Let
us assume that you are a very social type of person and have an affable
personality. Quite often, you visit your
friends, neighbors and relatives. Visiting some houses, you are astonished to
find costly antiques, photo frames depicting scintillating sceneries and
luxurious paintings. In few houses, you mostly find the photos of religious
deities. The pictorial depiction of these deities invariably includes the
Goddess Laxmi, Rama & Sita flanked in the midst of deer in the forest,
blessing hand of Saibaba and the crucifixion of Christ. All these religious
pictures will prompt you to opine in the first instance that the inhabitants
may not be atheists at all and a firm believer of religious rituals. By putting
various pictures of divinity, they prove that they are the great worshippers of
God and unless God’s blessings are not showered on them, their survival becomes
critical. So, by hanging the photos of these deities, they want to cloister
themselves in a religious environment. This could be one reason. Second, by showing the photos of various
sacred deities, they want to appreciate the beauty of religious truth and make
a point of discussion during the social gatherings.
The
lovers of English literatures are pellucid of Keat’s famous line,“ Beauty is
truth and truth is beauty.” When the pictures of deities and goddesses are in
front of you during your sitting and lazing in the room, some of you may like
to introspect the religion attached therein and ponder on the same. Some others
may simply take it as a beauty being expressed from the pictures.
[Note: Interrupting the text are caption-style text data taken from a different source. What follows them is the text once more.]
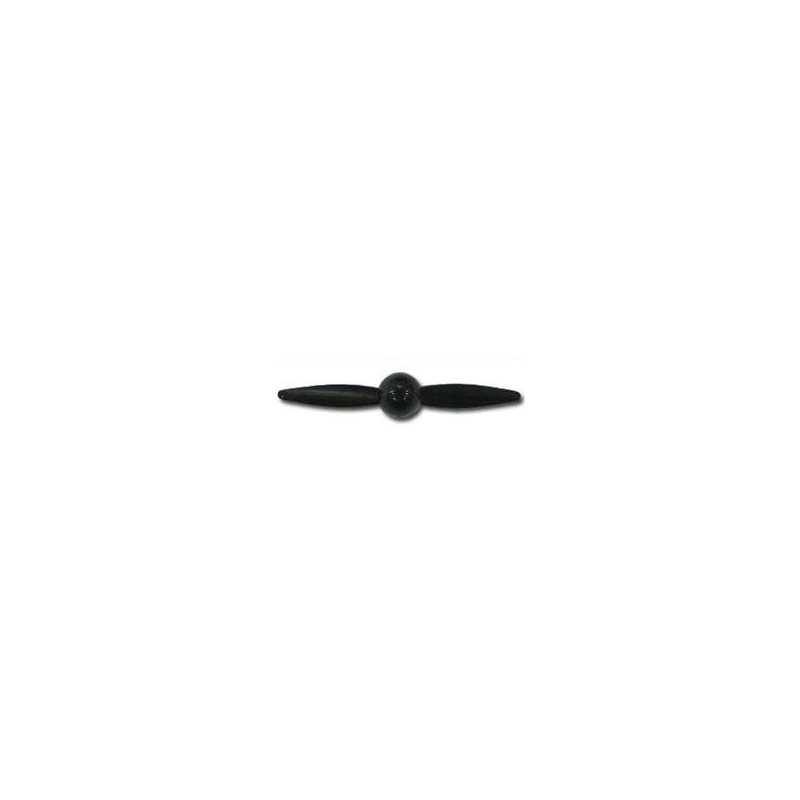 Propeller till Shengteng Cub 2-blad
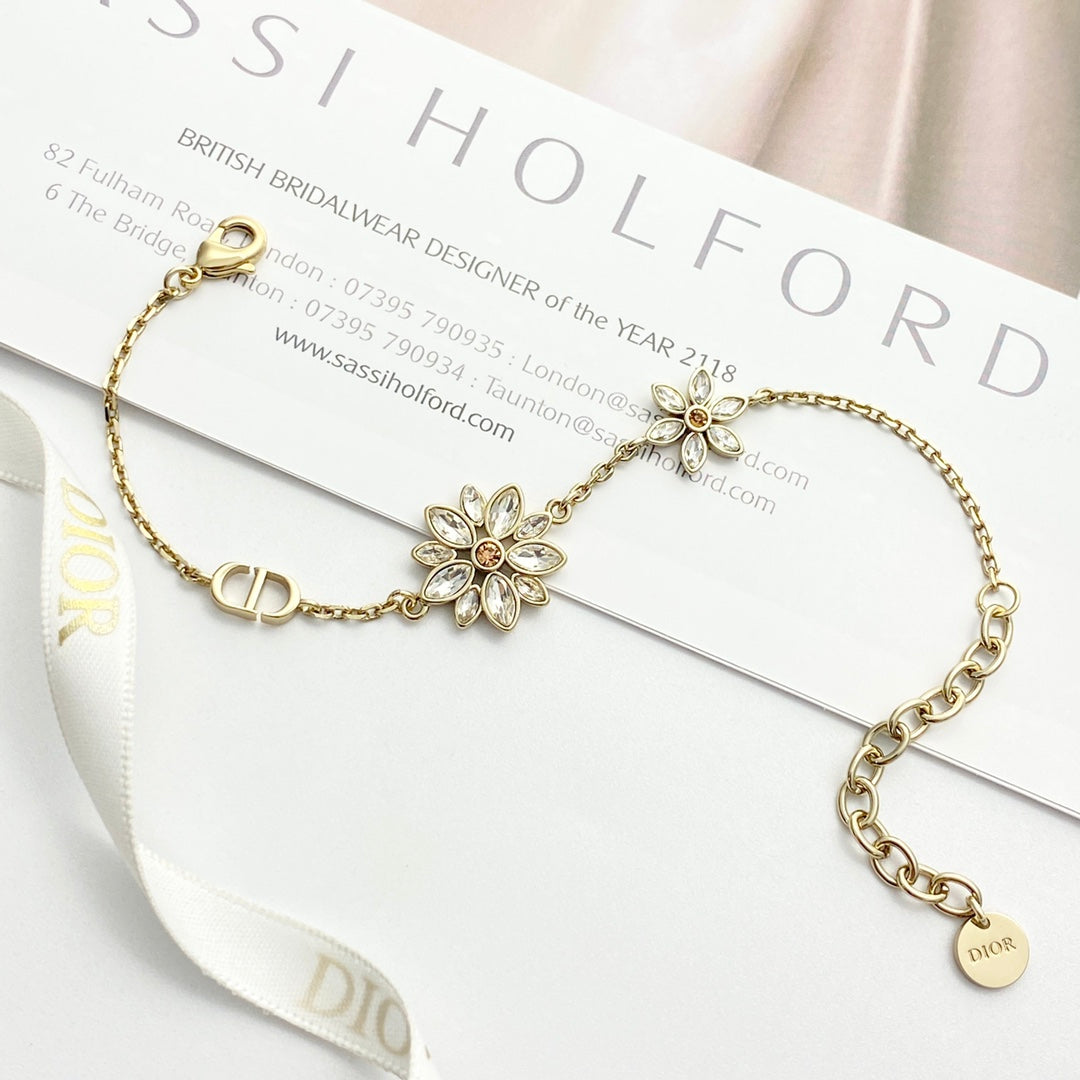 China Replica Dior Bracelets 32usd Only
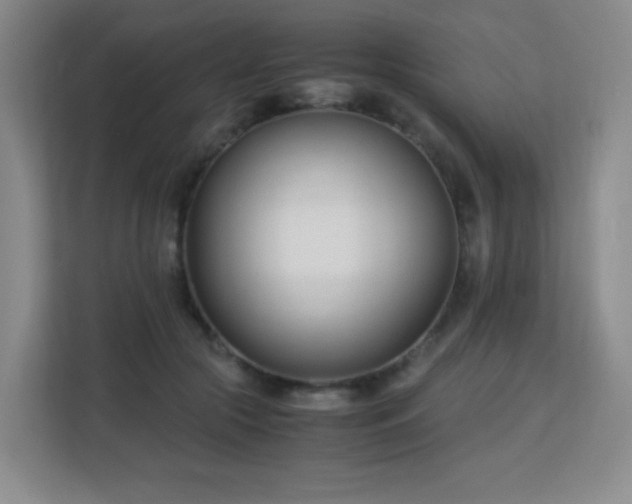 X0000113150553200909110956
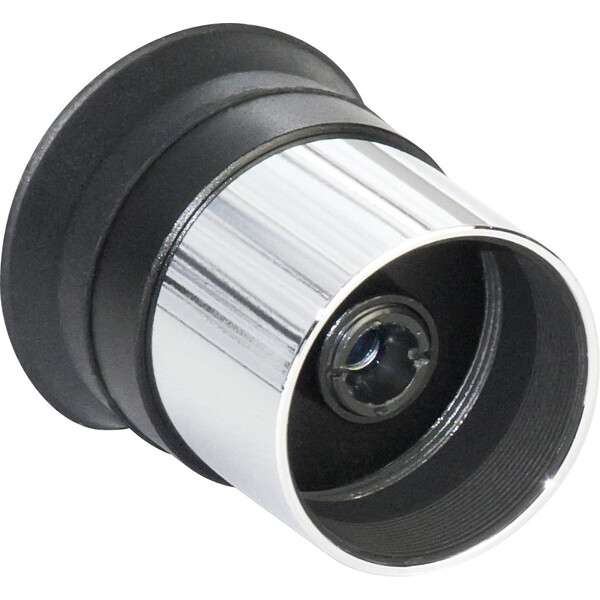 Orion Eyepiece 6.3mm 1.25"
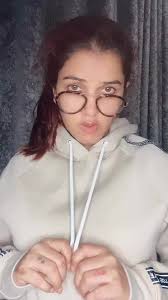 Shruti Rai (@raishrutirai)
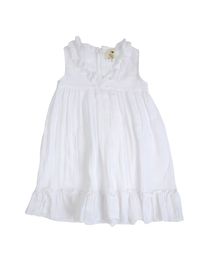 SARA ROTTA LORIA - Dress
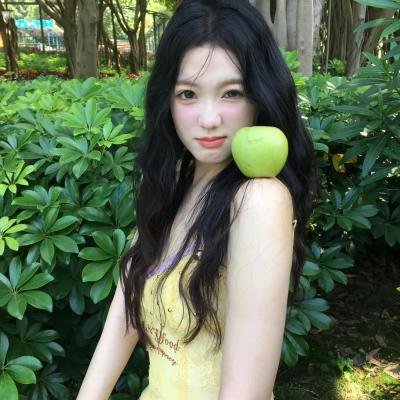 好姻缘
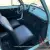 1974 Fiat 500 Ragtop! Gulf Heritage version! SEE Video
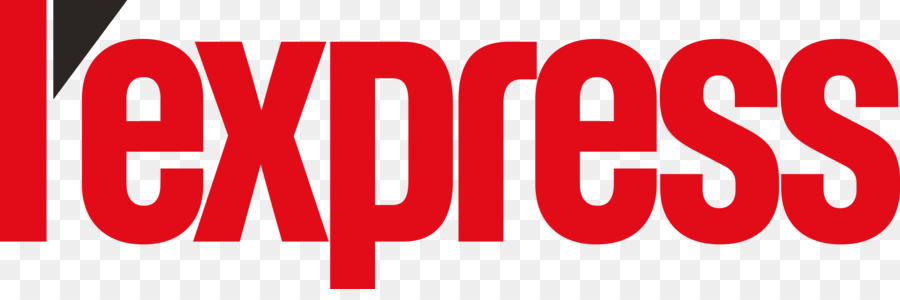 L Express，Majalah PNG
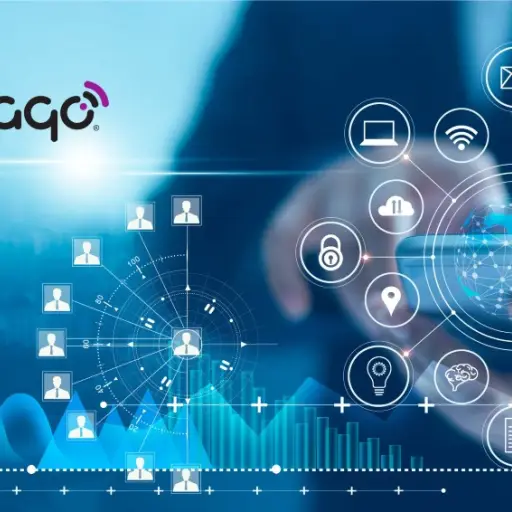 tpago banco promerica ,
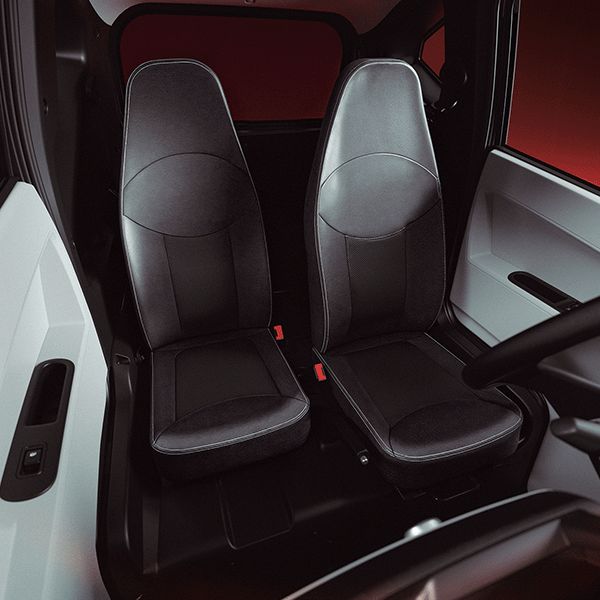 Silence_S04_Unico_vegan_stoelen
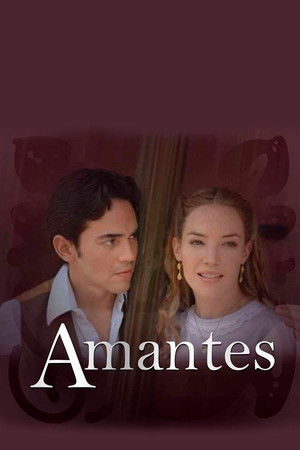 Amantes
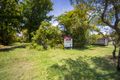 Property photo of 10 Booker Parade Golden Beach QLD 4551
There are
others, who with all their profundity and reverence for deities bow their heads
with folded hands to the pictures to seek blessings. People who introspect and try to find out
what the preachings the pictures convey is less in percentage. A number of
people take these photos of deities as a medium to express their morning rituals
to worship for a split of a second. If
you take the crucifixion picture of Jesus, it has an elusive nature of
thoughts, which only creates an illusion unless you understand the nitty-gritty
of the Christian religion. If you manage to understand the inner meanings of
the pictorial beauty, you get a kind of teachings and once you are attached to
it, you become more sensitive to the said beauty. One thing is very sure; the
nature of both beauty and truth is illusory. Truth has many facets, it has
certainty, it has uncertainty and it may also be a lie.
In
his famous creation of literary, namely “Ode on a Gracian Urn,” where Keats has
expressed this above masterpiece line, is beyond anybody’s imagination what he really
wanted to transpire. Was he meaning, “Beauty is an eternal truth or and truth
is always a beauty.” If that being the
case, then the truth can never be an uncertainty or it cannot be a lie at any
cost. But in reality, we know this is malice.
Beauty
is another word of concord and harmony, the entwining of myriads of opposites,
light and shade, sound and silence, hullabaloo and solitude, fullness and
emptiness. Unity always reveals the
harmony of above conjoining factors and one is complementing the other. The truth, which has a beauty, must have a
light, sound, liveliness and honest confession at least mentally. Similarly, various
beautiful things, namely your observing of a blooming red rose in the morning hours, a wave surges
up in the midst of the ocean and then the ridge of water curling into an arched
form and breaking on the shore or the moonlight on a full moon when spreads
across the rooftop or in an open ground with a slow but steady whizzing sound
of air, have a certain truth behind their existence.
The
creation of a beautiful work of an art
such as painting is nothing but a deep worship to augment creativity. Most of
us have not that ability to engage in these types of creativities, but at least
as a proxy to admire those creativities and beauties, we worship them. In this way, we get a consideration that if
we are not creators, we are admirers and devotees to the said beauties. Though Keat’s
lines, prima-facie, may be illusory, but he made explicitly and emphatically
clear that the nature of art has a beauty and that has a truth, which is a fact.
Argumentatively,
by depicting pictures of Gods and Goddesses, many people want to explain the
atmosphere of religiosity in their abode and how far it is true in reality
except a cursory salutation that too with an urge to get blessings; is
anybody’s guess. Still, people find
pride to put those photos of various deities as per their choices to get it
adored of the beautification of their rooms and houses by others.. By putting photos of Gods and Goddess, if you
want to become inclined to a particular religion and become a devotee to
worship, it is a commendable effort; otherwise why put the photos of deities? If
that is not the reality, then you can very well put an artwork, landscape,
abstract art or simply a decorative piece.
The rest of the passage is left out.